The reality: The original Unix code hasn't been updated much since the early 80's, when Sun, IBM, etc., licensed it from AT&T. It's not a particularly good operating system--anybody remember Unix around 1985? It sucked. The original AT&T Unix wasn't scalable, reliable, or suitable to modern machines. Furthermore, any bright ideas in Unix were public knowledge in the 70's, and most of the Unix-related patents have long since expired.

SCO's claim should be: "We own the rights to a crappy, archaic version of Unix--whose source code was sloppily licensed to thousands of people--and we bet somebody, somewhere has slipped up and included a miniscule amount of this crappy code in Linux. We won't tell you where this code is; we'll just make vague allegations and scare people into paying us off."

Any Contamination Of Linux Is Small

Now, it's almost certain that one of the thousands of people with a Unix source license later worked on some part of Linux. After all, when AT&T filed suit over Berkeley's BSD (another Unix clone), 73 out of 18,000 files were found to be contaminated after years of court battles.

IBM's contributions to Linux have been kept small and localized, and all but a few were brand-new code, written specifically for Linux.

SCO May Be Contaminated, Too

Similarly, portions of SCO's products are almost certainly contaminated with small amounts GPL'd code--device drivers and utility routines are the most suspect. Every large software vendor has at least one dishonest engineer on staff, somebody who's happy to include other people's code into a product.

Such violations are typically handled quietly and without any attempt at getting damages. SCO's possible violations, on the other hand, will most likely be handled with the same generous spirit SCO is currently showing the Linux community.

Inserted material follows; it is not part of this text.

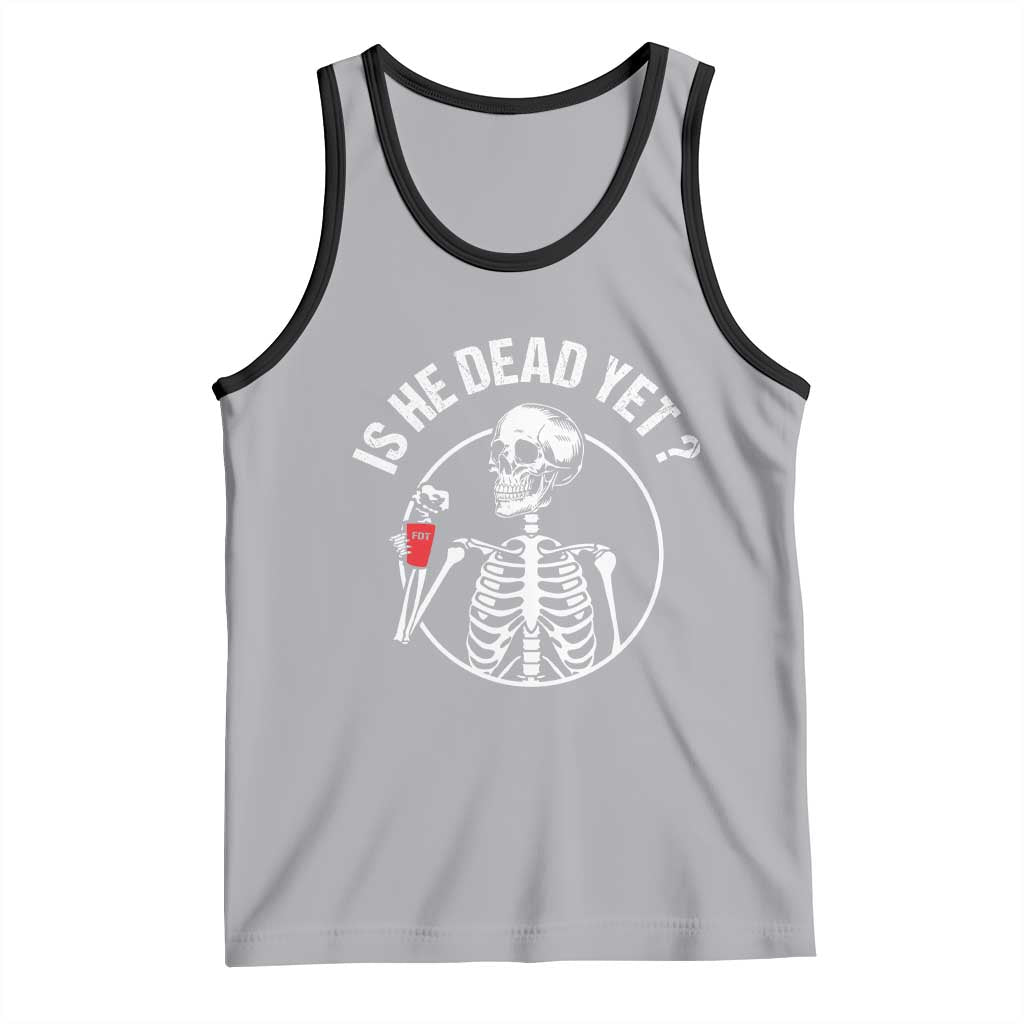 Is He Dead Yet Subtle FDT Tank Top Funny Skeleton Drinking Coffee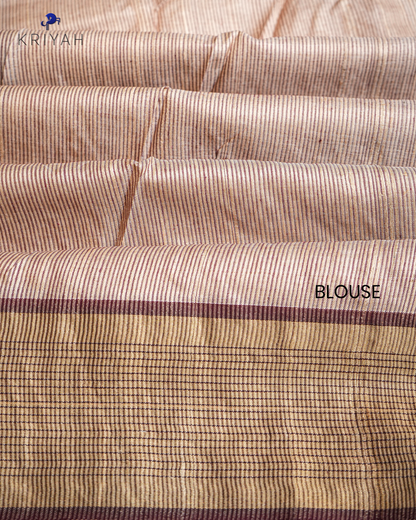 TUSSER SAREE WITH TRIBAL  EMBROIDERY - IVORY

SCO's "Expertise" Wasn't Needed

The Linux community and IBM are perfectly capable of building a scalable Intel-based operating system without mystical insights provided by SCO engineers. The original Unix kernel--which SCO owns--was not very good, even by the standards of the late 80's, and the average Unix vendor spent tens of millions of dollars getting it to scale. The Linux community, on the other hand, contains dozens of skilled kernel enginers, including experts from Oracle. IBM's non-Unix expertise is also considerable; they're written many scalable operating systems, including OS/360, zOS and OS/2.

Linux's compatibility with Unix APIs did not require Unix code, either--the Unix APIs are government purchasing standards, and they're quite well documented.

SCO Wants Fear and Money, Not Compliance

SCO won't name the "contaminated" files in Linux, because (a) SCO probably doesn't know which files are contaminated and (b) the contaminated files would be removed or rewritten within days. Instead, SCO will try to spread massive fear, in hopes of extracting payoffs from gullible coporate Linux users.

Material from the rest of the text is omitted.